* **Dataset section**

******

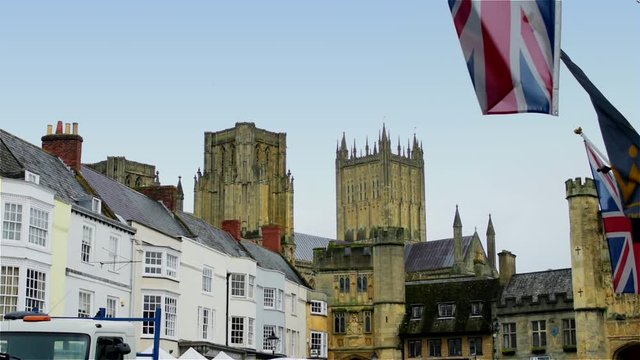 Union Jacks flutter in the foreground of this typically Enghlish view across Wells market place towards the Cathedral, in England's smallest city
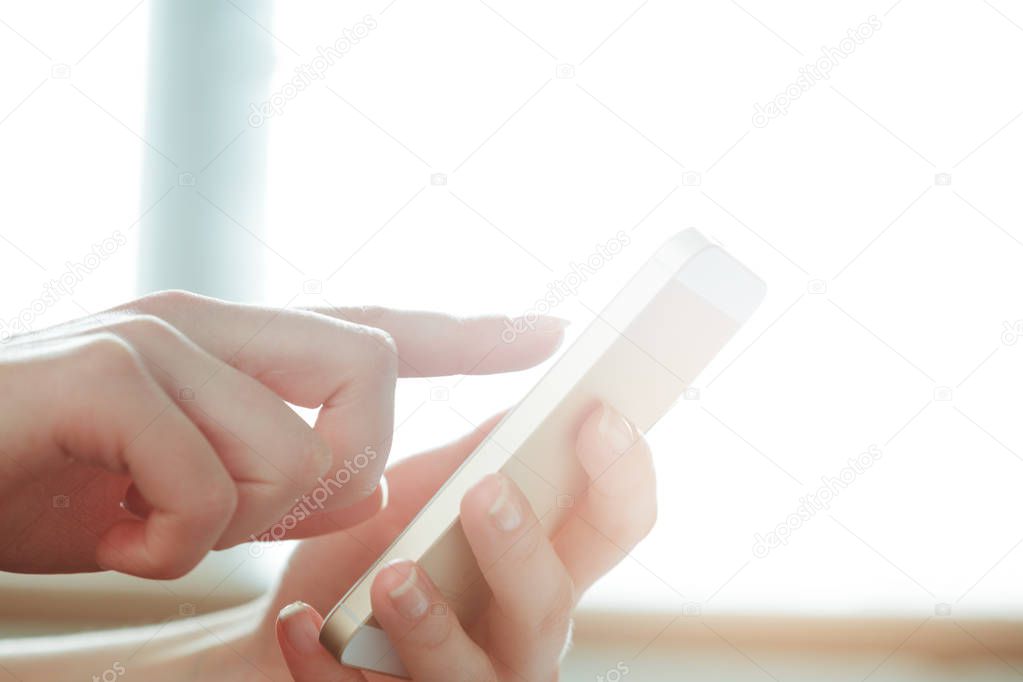 Woman typing message on smart phone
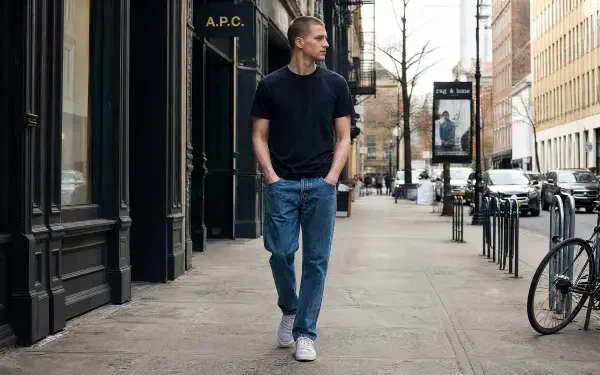 Man in normcore outfit—black tee, blue jeans and white sneakers—walking down a city sidewalk; 4K Ultra HD PC desktop wallpaper/background.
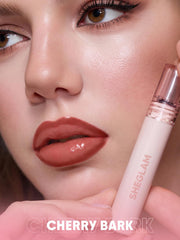 SHEGLAM Cherry Bark peel-off film mid-removal showing long-lasting benefit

******

* **Task**
Give back exactly the run of lines that opens the material above and ends at the line with "Man in normcore". Omit the pictures.

* **Answer section**
 Union Jacks flutter in the foreground of this typically Enghlish view across Wells market place towards the Cathedral, in England's smallest city
 Woman typing message on smart phone
 Man in normcore outfit—black tee, blue jeans and white sneakers—walking down a city sidewalk; 4K Ultra HD PC desktop wallpaper/background.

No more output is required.